Son nueve palabras. Nueve palabras que han costado un puesto de trabajo.
La Sala de lo Social del Tribunal Superior de Justicia de Extremadura, ha dictaminado, en una sentencia, que El Corte Inglés de Badajoz ha actuado correctamente al despedir a un trabajador que dijo las siguientes palabras a una empleada, delante de otros compañeros: «¡Qué ganas tengo de follar a una del sindicato!».
El exabrupto lo pronunció cuando concluía su jornada de trabajo, la tarde del 30 de agosto del año pasado. Bajaba en el ascensor con otros ocho compañeros, uno de los cuales era una sindicalista, representante del comité de empresa. Entonces apoyó un brazo sobre la pared y, según se ha declarado, miró de frente a la sindicalista y le dijo la frase que seguramente se habrá arrepentido de haber dicho. Alguno de los que ocupaban el ascensor le recriminaron su conducta. Le dijeron que «se había pasado».

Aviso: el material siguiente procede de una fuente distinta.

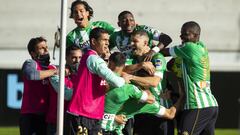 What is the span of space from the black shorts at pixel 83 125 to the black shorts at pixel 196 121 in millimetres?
1273

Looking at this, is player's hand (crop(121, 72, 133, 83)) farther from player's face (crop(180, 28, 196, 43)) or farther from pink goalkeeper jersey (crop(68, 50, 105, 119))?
player's face (crop(180, 28, 196, 43))

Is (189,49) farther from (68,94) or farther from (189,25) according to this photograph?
(68,94)

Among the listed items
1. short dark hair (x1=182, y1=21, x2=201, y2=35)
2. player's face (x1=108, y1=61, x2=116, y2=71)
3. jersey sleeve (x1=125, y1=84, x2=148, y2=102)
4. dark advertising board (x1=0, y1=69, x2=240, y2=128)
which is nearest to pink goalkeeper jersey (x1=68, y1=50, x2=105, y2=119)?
player's face (x1=108, y1=61, x2=116, y2=71)

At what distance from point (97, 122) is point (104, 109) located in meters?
0.47

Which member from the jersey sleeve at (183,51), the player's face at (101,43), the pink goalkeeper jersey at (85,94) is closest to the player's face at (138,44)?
the jersey sleeve at (183,51)

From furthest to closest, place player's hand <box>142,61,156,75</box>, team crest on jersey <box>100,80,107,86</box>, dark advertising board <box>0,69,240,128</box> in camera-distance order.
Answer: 1. dark advertising board <box>0,69,240,128</box>
2. player's hand <box>142,61,156,75</box>
3. team crest on jersey <box>100,80,107,86</box>

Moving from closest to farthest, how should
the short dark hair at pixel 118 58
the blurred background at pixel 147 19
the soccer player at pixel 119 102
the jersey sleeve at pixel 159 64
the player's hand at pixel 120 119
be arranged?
the short dark hair at pixel 118 58 < the soccer player at pixel 119 102 < the player's hand at pixel 120 119 < the jersey sleeve at pixel 159 64 < the blurred background at pixel 147 19

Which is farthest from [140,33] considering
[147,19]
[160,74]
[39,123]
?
[147,19]

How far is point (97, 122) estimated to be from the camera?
835cm

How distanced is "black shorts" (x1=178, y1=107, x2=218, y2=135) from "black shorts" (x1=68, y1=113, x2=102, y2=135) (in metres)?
1.27

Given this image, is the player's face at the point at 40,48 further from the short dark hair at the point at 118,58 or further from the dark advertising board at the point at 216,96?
the dark advertising board at the point at 216,96

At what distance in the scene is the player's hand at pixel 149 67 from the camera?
356 inches

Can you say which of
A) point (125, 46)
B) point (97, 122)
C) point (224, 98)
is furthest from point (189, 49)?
point (224, 98)

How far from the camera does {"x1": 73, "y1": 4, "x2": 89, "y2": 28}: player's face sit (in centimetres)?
966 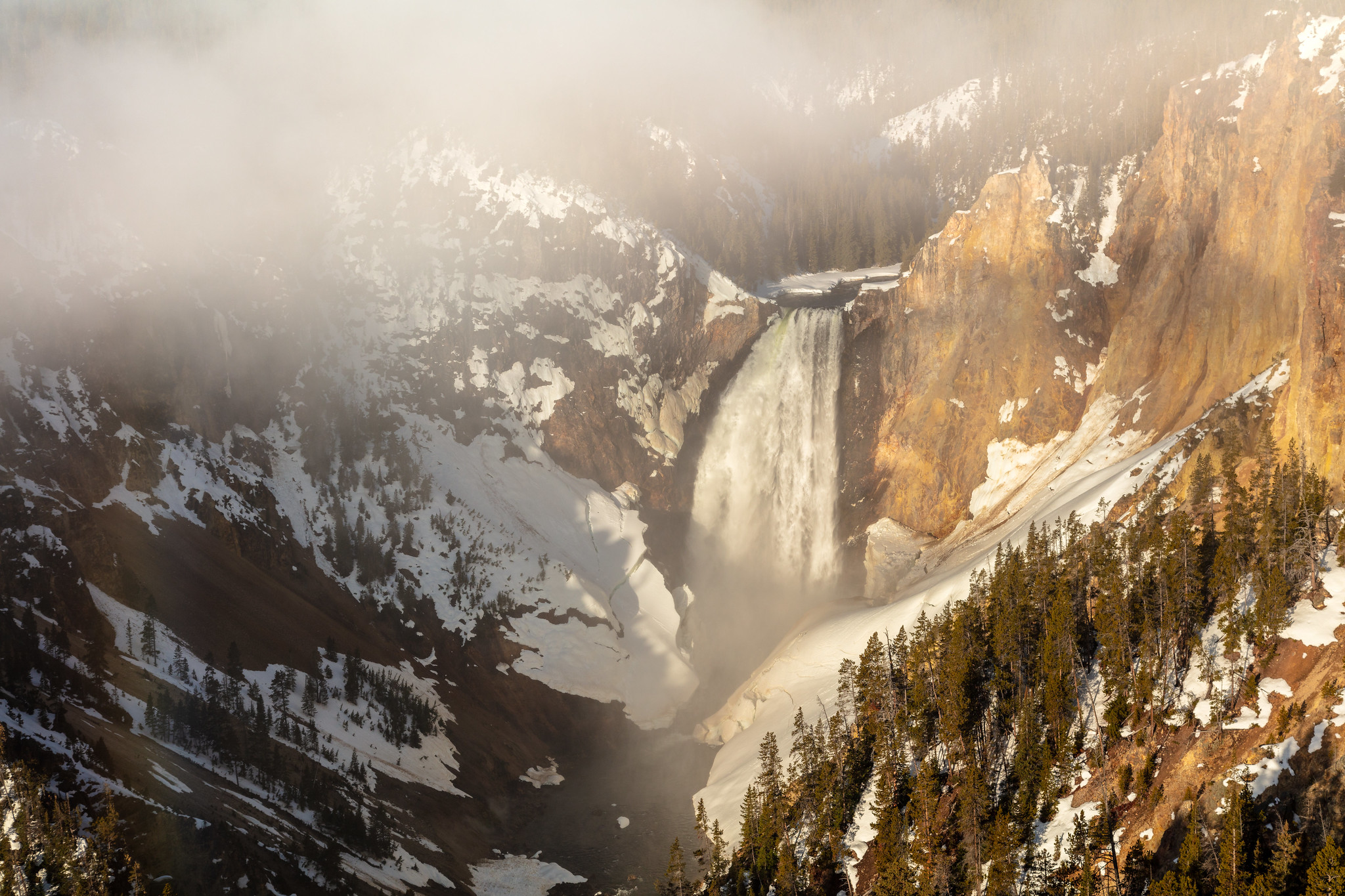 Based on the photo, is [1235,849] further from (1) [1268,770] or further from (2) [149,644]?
(2) [149,644]

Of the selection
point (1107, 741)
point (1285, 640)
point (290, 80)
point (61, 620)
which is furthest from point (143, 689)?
point (290, 80)

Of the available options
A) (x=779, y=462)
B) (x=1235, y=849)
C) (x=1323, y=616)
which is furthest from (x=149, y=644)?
(x=1323, y=616)

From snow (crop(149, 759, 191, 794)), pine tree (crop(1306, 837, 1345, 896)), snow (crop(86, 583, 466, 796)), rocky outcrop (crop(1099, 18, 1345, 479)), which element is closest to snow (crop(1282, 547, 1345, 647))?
rocky outcrop (crop(1099, 18, 1345, 479))

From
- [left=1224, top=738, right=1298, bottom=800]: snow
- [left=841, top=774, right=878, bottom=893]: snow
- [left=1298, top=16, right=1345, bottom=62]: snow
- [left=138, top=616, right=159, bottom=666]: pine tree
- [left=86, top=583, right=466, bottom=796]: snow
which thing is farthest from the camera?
[left=1298, top=16, right=1345, bottom=62]: snow

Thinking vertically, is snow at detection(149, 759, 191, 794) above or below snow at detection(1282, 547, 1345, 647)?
below

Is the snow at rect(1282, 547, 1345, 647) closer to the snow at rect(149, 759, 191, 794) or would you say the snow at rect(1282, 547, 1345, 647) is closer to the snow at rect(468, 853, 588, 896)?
the snow at rect(468, 853, 588, 896)

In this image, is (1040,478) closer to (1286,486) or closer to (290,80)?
(1286,486) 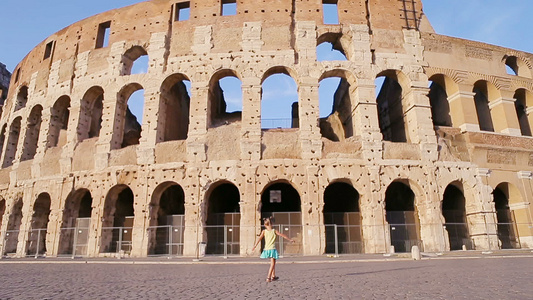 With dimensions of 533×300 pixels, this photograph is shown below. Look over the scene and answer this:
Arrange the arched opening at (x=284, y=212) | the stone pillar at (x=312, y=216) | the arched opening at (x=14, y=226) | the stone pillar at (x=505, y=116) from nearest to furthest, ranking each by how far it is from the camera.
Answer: the stone pillar at (x=312, y=216)
the arched opening at (x=284, y=212)
the stone pillar at (x=505, y=116)
the arched opening at (x=14, y=226)

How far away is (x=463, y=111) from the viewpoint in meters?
15.8

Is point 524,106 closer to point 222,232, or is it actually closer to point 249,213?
point 249,213

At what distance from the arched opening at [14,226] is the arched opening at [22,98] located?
21.6ft

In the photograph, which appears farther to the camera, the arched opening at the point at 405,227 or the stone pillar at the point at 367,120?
the stone pillar at the point at 367,120

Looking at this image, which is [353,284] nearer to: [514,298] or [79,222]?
[514,298]

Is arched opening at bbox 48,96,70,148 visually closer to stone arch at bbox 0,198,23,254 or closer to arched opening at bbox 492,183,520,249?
stone arch at bbox 0,198,23,254

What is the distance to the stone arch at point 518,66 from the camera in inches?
704

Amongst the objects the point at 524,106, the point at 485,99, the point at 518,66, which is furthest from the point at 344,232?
the point at 518,66

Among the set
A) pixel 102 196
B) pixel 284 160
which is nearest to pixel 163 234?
pixel 102 196

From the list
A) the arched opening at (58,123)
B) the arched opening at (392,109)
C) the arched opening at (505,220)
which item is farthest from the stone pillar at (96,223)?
the arched opening at (505,220)

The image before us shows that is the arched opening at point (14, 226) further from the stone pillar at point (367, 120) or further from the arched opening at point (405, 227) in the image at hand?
the arched opening at point (405, 227)

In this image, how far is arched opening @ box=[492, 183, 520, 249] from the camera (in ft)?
49.4

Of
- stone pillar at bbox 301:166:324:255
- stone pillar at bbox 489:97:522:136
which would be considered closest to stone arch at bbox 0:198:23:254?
stone pillar at bbox 301:166:324:255

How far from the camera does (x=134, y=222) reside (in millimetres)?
14258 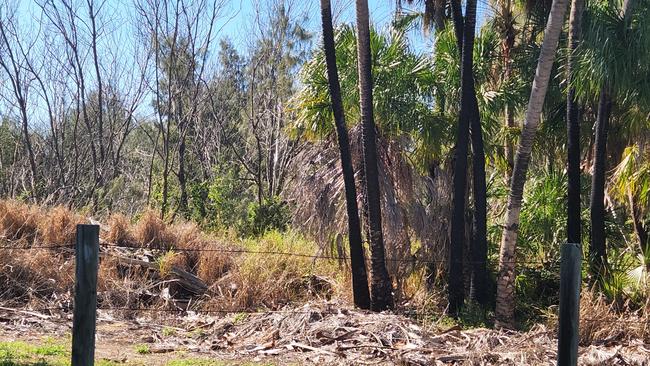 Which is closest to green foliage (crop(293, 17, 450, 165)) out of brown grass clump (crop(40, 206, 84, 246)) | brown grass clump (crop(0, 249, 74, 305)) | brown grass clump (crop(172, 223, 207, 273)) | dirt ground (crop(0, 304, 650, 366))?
brown grass clump (crop(172, 223, 207, 273))

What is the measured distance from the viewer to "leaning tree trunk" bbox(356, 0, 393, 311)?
11625 mm

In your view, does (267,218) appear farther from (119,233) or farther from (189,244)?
(119,233)

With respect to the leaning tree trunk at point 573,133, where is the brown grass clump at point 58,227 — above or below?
A: below

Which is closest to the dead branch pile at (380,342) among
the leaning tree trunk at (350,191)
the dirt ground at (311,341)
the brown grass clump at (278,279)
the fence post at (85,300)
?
the dirt ground at (311,341)

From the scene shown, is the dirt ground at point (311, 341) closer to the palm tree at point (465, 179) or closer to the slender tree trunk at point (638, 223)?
the palm tree at point (465, 179)

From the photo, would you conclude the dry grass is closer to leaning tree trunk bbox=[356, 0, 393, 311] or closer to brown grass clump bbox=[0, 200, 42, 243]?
brown grass clump bbox=[0, 200, 42, 243]

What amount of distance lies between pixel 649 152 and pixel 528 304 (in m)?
3.55

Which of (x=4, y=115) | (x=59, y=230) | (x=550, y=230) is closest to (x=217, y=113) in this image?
(x=4, y=115)

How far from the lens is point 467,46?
38.7 feet

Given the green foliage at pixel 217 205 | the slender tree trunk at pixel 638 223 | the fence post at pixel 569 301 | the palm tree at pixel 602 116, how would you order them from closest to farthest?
the fence post at pixel 569 301
the palm tree at pixel 602 116
the slender tree trunk at pixel 638 223
the green foliage at pixel 217 205

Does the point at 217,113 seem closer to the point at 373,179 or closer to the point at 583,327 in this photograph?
the point at 373,179

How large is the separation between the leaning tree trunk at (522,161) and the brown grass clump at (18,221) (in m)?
9.20

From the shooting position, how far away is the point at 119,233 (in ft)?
48.8

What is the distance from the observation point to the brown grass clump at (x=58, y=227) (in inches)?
548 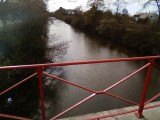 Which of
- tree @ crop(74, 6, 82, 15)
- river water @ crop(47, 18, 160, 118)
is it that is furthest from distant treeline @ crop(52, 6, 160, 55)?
river water @ crop(47, 18, 160, 118)

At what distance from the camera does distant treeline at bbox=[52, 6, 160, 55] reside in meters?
25.4

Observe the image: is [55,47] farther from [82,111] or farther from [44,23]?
[82,111]

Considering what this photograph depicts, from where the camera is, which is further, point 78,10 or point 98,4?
point 78,10

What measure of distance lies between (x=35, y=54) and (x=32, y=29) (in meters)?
2.23

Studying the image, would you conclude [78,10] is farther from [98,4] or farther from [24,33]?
[24,33]

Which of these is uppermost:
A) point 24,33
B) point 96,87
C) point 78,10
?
point 78,10

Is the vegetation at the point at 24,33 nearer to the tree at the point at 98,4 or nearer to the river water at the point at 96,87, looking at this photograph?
the river water at the point at 96,87

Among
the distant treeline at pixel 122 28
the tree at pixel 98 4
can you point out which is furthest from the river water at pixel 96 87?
the tree at pixel 98 4

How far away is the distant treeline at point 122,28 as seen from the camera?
25.4 meters

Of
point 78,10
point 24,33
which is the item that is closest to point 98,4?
point 78,10

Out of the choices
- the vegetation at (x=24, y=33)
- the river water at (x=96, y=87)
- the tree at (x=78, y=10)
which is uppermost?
the tree at (x=78, y=10)

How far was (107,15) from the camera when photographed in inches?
1607

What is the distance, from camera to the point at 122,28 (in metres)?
32.4

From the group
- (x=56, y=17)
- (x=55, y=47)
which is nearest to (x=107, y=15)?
(x=56, y=17) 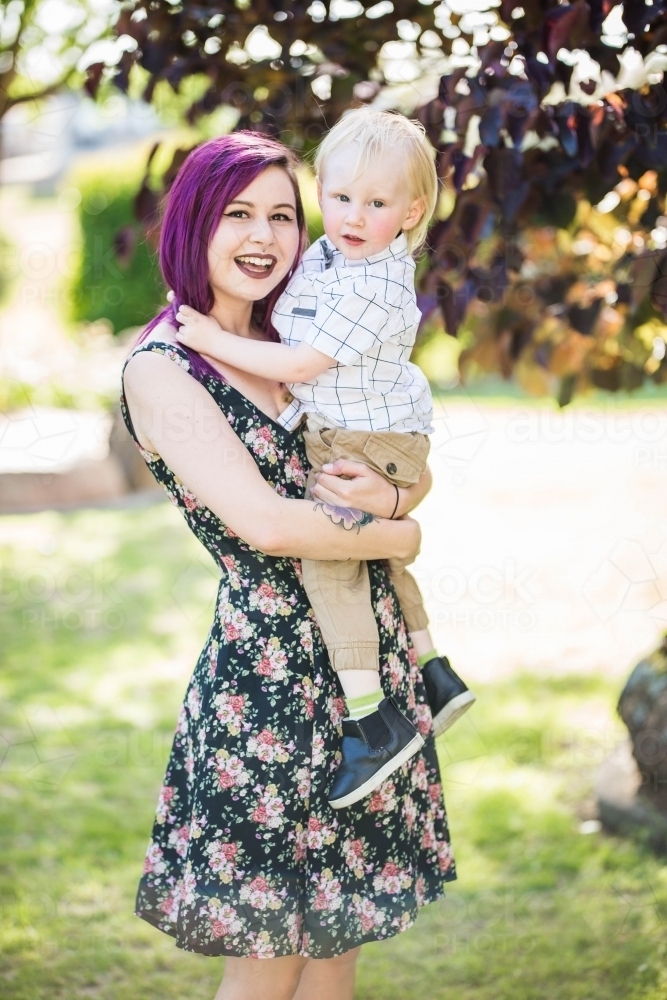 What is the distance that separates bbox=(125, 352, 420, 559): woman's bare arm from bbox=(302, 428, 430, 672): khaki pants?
6 centimetres

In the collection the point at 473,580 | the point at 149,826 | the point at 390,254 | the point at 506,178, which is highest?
the point at 506,178

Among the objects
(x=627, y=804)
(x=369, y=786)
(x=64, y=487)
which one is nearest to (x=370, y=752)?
(x=369, y=786)

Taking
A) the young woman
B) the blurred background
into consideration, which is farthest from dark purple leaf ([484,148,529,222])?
the young woman

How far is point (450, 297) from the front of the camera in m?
2.06

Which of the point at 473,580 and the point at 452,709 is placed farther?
the point at 473,580

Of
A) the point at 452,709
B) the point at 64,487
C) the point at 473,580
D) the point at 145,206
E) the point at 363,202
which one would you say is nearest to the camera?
the point at 363,202

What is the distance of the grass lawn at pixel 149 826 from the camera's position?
2449 millimetres

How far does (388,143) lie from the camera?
1.65 meters

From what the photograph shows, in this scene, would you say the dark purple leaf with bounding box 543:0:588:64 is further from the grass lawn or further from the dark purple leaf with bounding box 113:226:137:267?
the grass lawn

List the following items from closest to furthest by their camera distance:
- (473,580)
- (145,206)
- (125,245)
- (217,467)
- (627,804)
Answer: (217,467), (145,206), (125,245), (627,804), (473,580)

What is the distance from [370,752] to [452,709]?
31 cm

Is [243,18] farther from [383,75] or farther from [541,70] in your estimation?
[541,70]

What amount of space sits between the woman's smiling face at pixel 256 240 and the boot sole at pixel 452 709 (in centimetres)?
77

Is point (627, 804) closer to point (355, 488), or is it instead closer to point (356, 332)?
point (355, 488) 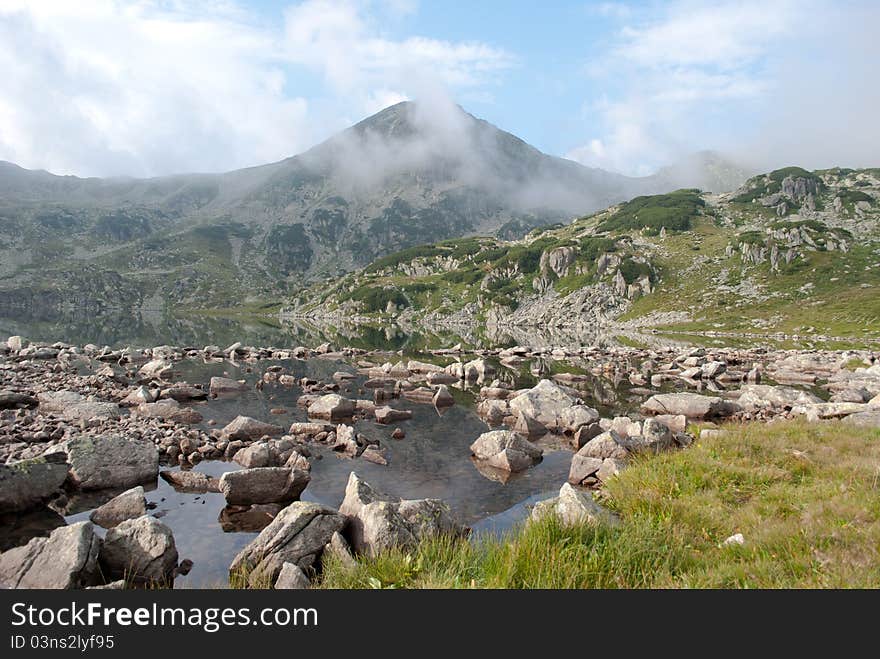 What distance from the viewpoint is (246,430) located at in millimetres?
21328

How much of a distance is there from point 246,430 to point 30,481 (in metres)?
8.38

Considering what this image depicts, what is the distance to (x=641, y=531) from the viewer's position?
799cm

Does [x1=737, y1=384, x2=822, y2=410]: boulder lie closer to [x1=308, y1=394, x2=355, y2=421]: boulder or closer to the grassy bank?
the grassy bank

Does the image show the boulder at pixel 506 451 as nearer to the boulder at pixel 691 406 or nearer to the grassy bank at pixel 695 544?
the grassy bank at pixel 695 544

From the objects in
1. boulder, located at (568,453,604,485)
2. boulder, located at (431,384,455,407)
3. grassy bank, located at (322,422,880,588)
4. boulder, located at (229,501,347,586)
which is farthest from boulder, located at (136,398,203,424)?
grassy bank, located at (322,422,880,588)

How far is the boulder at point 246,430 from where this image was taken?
68.9 ft

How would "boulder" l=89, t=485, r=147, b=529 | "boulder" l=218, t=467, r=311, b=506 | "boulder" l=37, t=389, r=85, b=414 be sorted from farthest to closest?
"boulder" l=37, t=389, r=85, b=414 → "boulder" l=218, t=467, r=311, b=506 → "boulder" l=89, t=485, r=147, b=529

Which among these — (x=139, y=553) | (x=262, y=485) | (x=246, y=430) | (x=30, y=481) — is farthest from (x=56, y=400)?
(x=139, y=553)

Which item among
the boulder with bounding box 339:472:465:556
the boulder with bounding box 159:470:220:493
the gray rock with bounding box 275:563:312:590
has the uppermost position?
the gray rock with bounding box 275:563:312:590

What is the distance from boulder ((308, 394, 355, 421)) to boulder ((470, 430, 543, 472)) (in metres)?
8.66

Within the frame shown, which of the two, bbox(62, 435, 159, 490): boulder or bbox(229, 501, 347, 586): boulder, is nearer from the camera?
bbox(229, 501, 347, 586): boulder

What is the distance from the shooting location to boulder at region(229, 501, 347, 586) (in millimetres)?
9500

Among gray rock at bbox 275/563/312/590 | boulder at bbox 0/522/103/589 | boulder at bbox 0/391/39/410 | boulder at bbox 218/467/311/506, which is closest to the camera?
gray rock at bbox 275/563/312/590

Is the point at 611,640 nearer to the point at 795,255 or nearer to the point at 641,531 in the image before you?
the point at 641,531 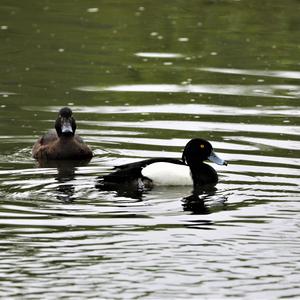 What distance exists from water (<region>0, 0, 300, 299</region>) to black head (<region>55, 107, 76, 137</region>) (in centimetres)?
44

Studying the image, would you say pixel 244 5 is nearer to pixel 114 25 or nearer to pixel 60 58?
pixel 114 25

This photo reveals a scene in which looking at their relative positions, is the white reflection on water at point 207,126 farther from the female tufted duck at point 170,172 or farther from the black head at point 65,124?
the female tufted duck at point 170,172

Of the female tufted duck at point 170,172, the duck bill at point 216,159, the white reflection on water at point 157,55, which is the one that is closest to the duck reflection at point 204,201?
the female tufted duck at point 170,172

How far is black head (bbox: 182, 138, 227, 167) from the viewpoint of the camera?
47.8 feet

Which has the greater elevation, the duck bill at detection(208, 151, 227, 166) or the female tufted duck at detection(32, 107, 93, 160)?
the female tufted duck at detection(32, 107, 93, 160)

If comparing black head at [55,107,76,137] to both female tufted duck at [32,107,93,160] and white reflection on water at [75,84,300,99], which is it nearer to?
female tufted duck at [32,107,93,160]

La mujer agredida verbalmente puso el hecho en conocimiento de su sindicato, y este formuló la oportuna queja a la empresa. El 8 de octubre El Corte Inglés le comunicó su despido disciplinario, sin derecho a indemnización, ni salarios de tramitación. La empresa indicó que el despido se debía a la falta de respeto a una compañera de trabajo, habiendo faltado gravemente a la intimidad y dignidad de la misma, mediante ofensa verbal de carácter sexual. Fue considerada una falta muy grave, tipificada en el artículo 64 del convenio colectivo de Grandes Almacenes. Además se acordó que el reproche debía ser mayor al dirigirse contra una persona que ostenta un cargo de representatividad sindical.
El empleado despedido dijo que se le había entendido mal, que la palabra 'follar' la había empleado en el sentido de fastidiar, molestar o destruir. Recurrió la decisión de la empresa, pero el Juzgado de lo Social número 1 de Badajoz confirmó la sanción. Volvió a recurrir y ahora la Sala de lo Social vuelve a indicar que El Corte Inglés actuó bien.
Sin 2.312 euros
Por esas nueve palabras, este trabajador se ha quedado sin un empleo. Desde el mes de mayo de 1999 estaba trabajando en el Corte Inglés como vendedor en el centro de trabajo, en Badajoz. Percibió una retribución última, por todos los conceptos, incluyendo el promedio de comisiones en el año anterior, de 2.312 euros.
El TSJ indica que el ámbito en el que se «suelta» tal expresión es el de unos grandes almacenes, en los que se trabaja de cara al público, y se exige una especial discreción y cuidado del lenguaje.